- I can choose to read His Word, or I can choose to fill my time with other things (that, frankly, border on the fatally dull at times).
- I can choose to spend time interceding and praising, or I can choose to have a heart that is busy and made of stone.
- I can choose to ask for help from Him or others, or I can bumble along like an ape in a glass menagerie.
One of the more difficult choices for me, but one that I have been having to come back to a lot recently has been the choice to see and confront my pride.
Stupid pride. Gets in the way of relationships and keeps real growth from happening in my life. Keeps me from running to Him when I stumble, mostly because I hate that I'm-not-even-remotely-as-self-sufficient-as-I-think-I-am feeling.
But if I can just admit that I'm wrong. Admit that I don't have it all together. Admit that I regularly return to my own vomit, then everything is ok. It all works out well, right? I've slapped my own hands and sent myself to the Corner of False Humility. The admission of sin is enough.
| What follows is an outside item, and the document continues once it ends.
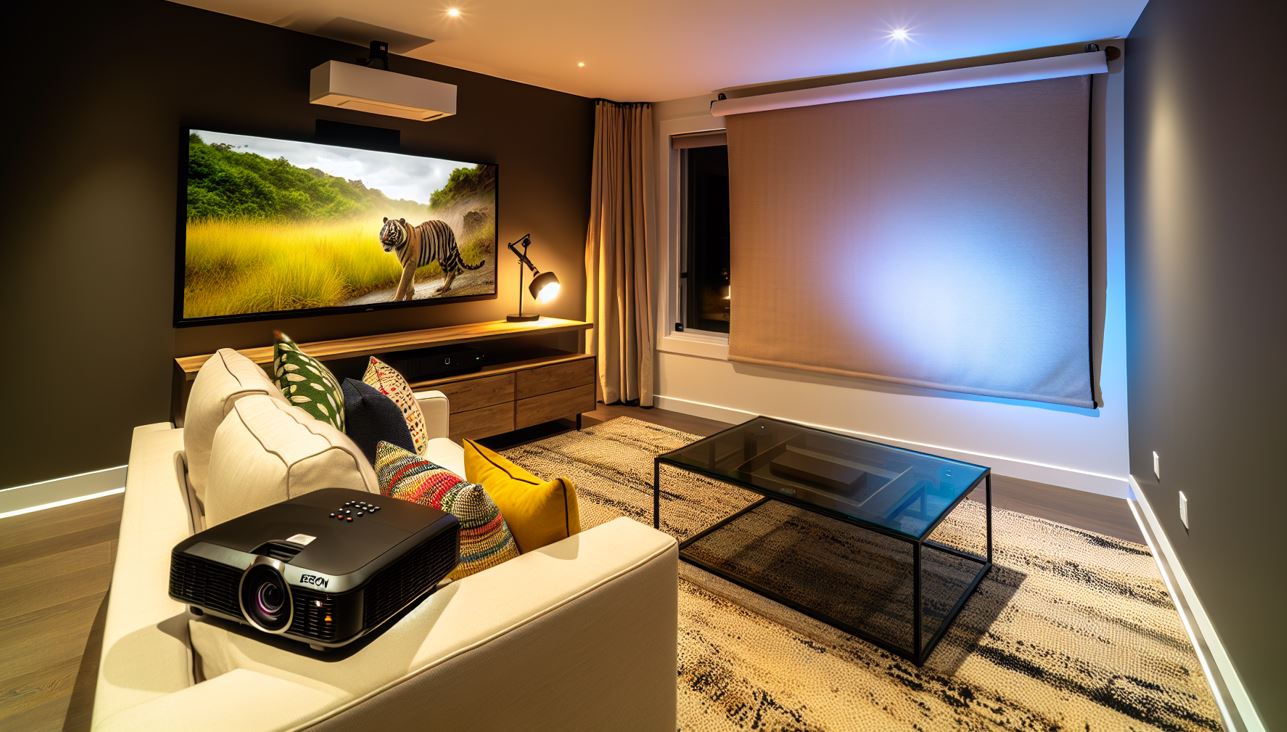 A modern living room with an Epson HD projector seamlessly integrated into the decor, projecting a high-quality image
But, the thief's admission loses something, you see, when his hands are working to steal even as he finishes his confession.
Repent - A word that society has made into a lunatic on the street corner's cry.
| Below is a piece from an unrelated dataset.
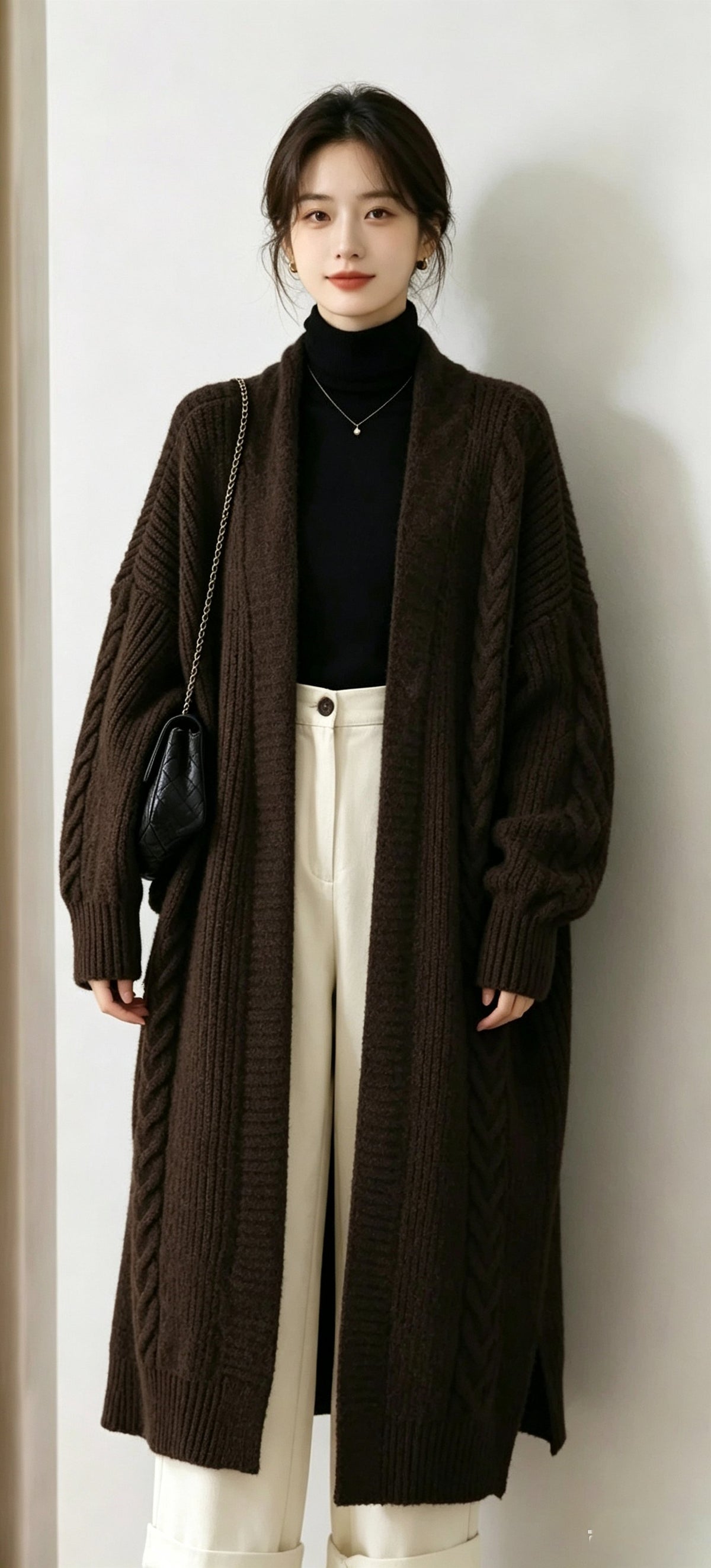 Cable Knit Long Cardigan Women – Open Front Chunky Knit Sweater Coat, Below Knee Fall Outerwear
Repent - A word that He has made into a call to hope - hope that we do not have to remain as we are, but that He gives us the power to throw aside the chains He long ago destroyed, and see the beauty of following Him.
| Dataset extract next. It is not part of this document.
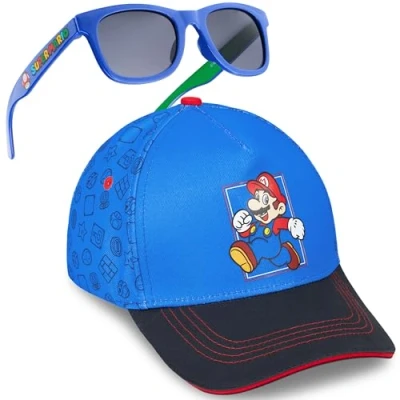 Obrázek Get Trend Baseballová čepice děti chlapci teenager nebo sada se slunečními brýlemi UV ochrana klobouk proti slunci dárky pro chlapce, Modrá Mario Set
Does He relentlessly love the ones He called? Yes.
Does He require a certain quota of good deeds or repented sins? No.
Are we who are His still covered by His grace? Yes.
All the more reason to repent.
And here it comes back to the choices in my life. I can choose to repent of my sin, or I can choose to simply admit that it's there. So now comes the hard part. . .
What choices do you make, and, more importantly, are they the right ones?